**What needs to be done**
Copy out exactly, from the entries that follow, the line holding "Whale Tail Logos.", the line holding "Peached Poplin Cargo Rib Waist Pants", and all lines between them, but no pictures.

**Given data**
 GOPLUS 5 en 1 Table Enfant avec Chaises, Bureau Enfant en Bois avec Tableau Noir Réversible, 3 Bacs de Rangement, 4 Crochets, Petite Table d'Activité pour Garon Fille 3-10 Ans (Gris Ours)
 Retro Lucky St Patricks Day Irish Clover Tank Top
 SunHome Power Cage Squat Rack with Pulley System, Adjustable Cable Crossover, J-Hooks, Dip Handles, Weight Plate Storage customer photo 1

==

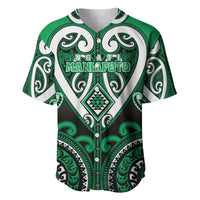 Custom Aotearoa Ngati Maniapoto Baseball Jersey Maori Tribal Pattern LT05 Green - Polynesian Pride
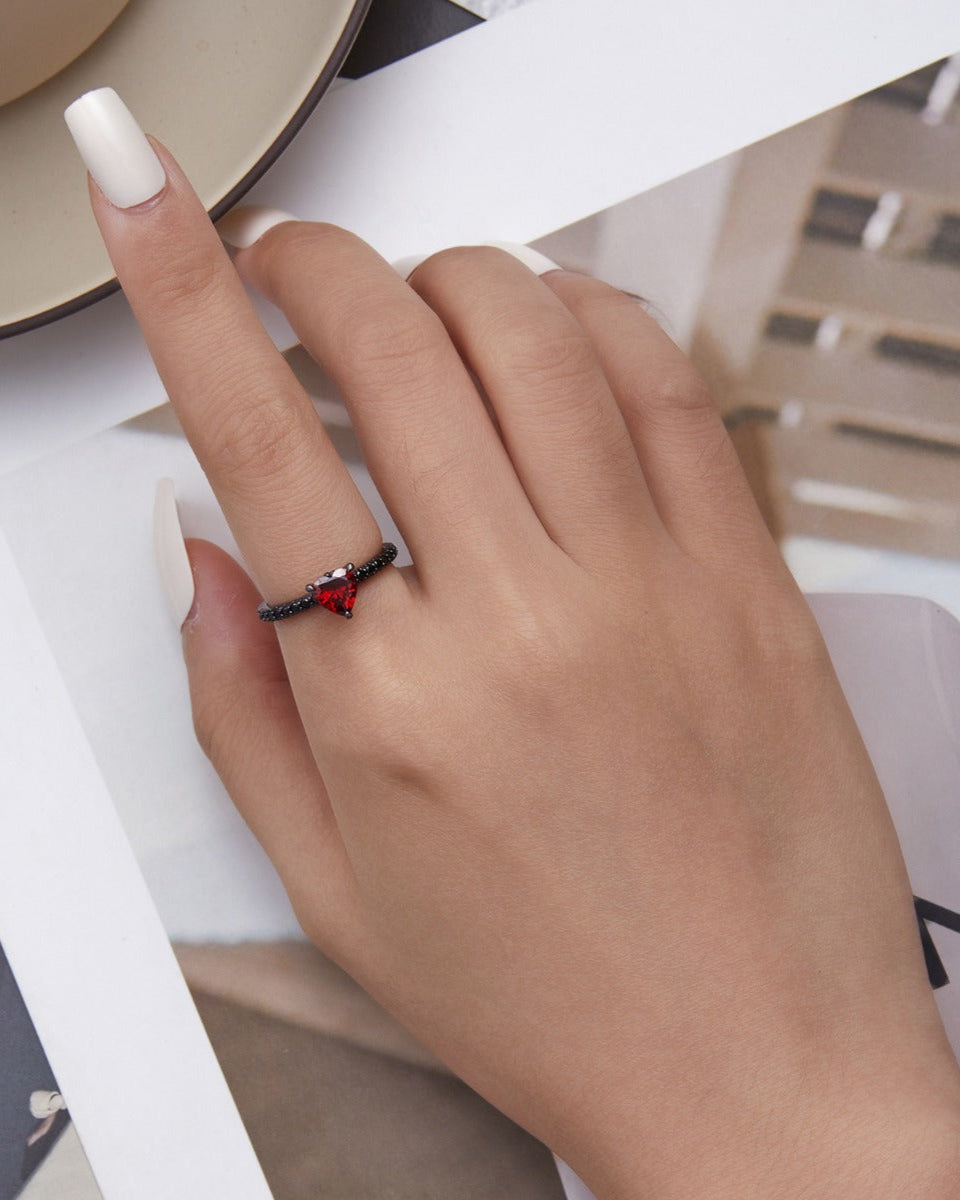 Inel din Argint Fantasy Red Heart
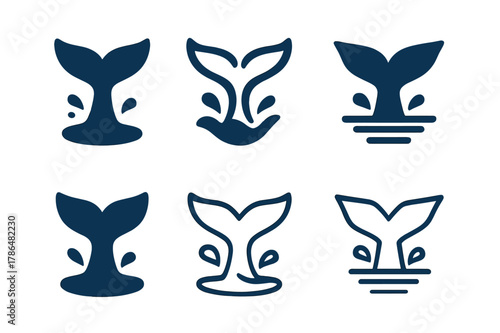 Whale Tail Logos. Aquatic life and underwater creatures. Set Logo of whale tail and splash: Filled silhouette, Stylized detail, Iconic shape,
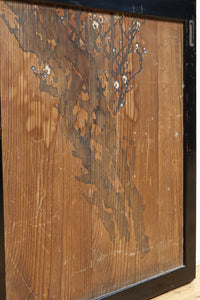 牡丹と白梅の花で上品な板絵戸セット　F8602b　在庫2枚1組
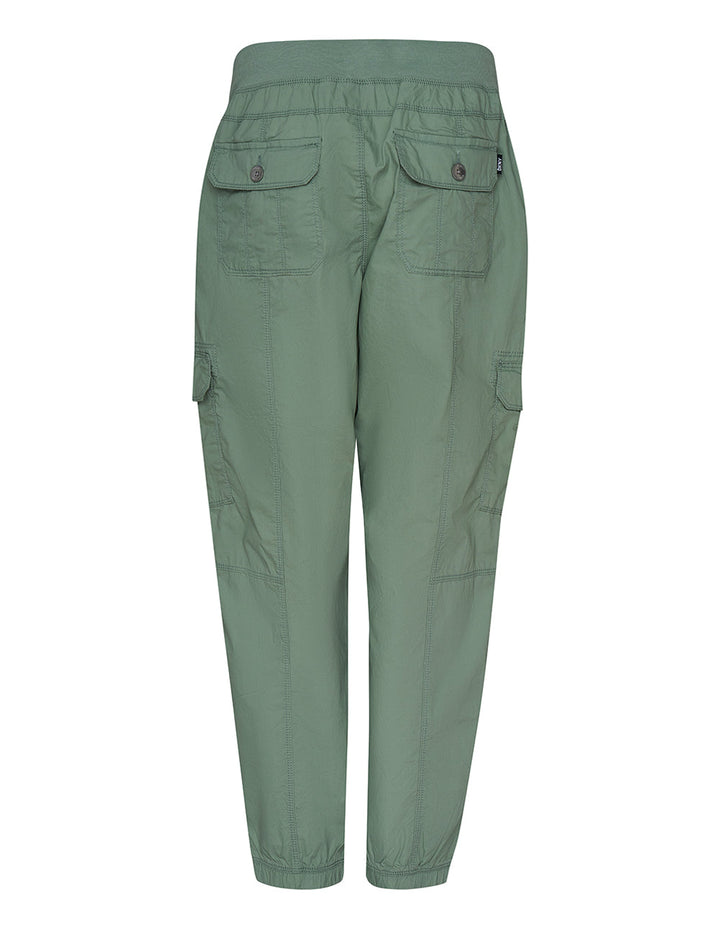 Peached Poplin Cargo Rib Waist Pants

**Result**
 Whale Tail Logos. Aquatic life and underwater creatures. Set Logo of whale tail and splash: Filled silhouette, Stylized detail, Iconic shape,
 牡丹と白梅の花で上品な板絵戸セット　F8602b　在庫2枚1組
 Peached Poplin Cargo Rib Waist Pants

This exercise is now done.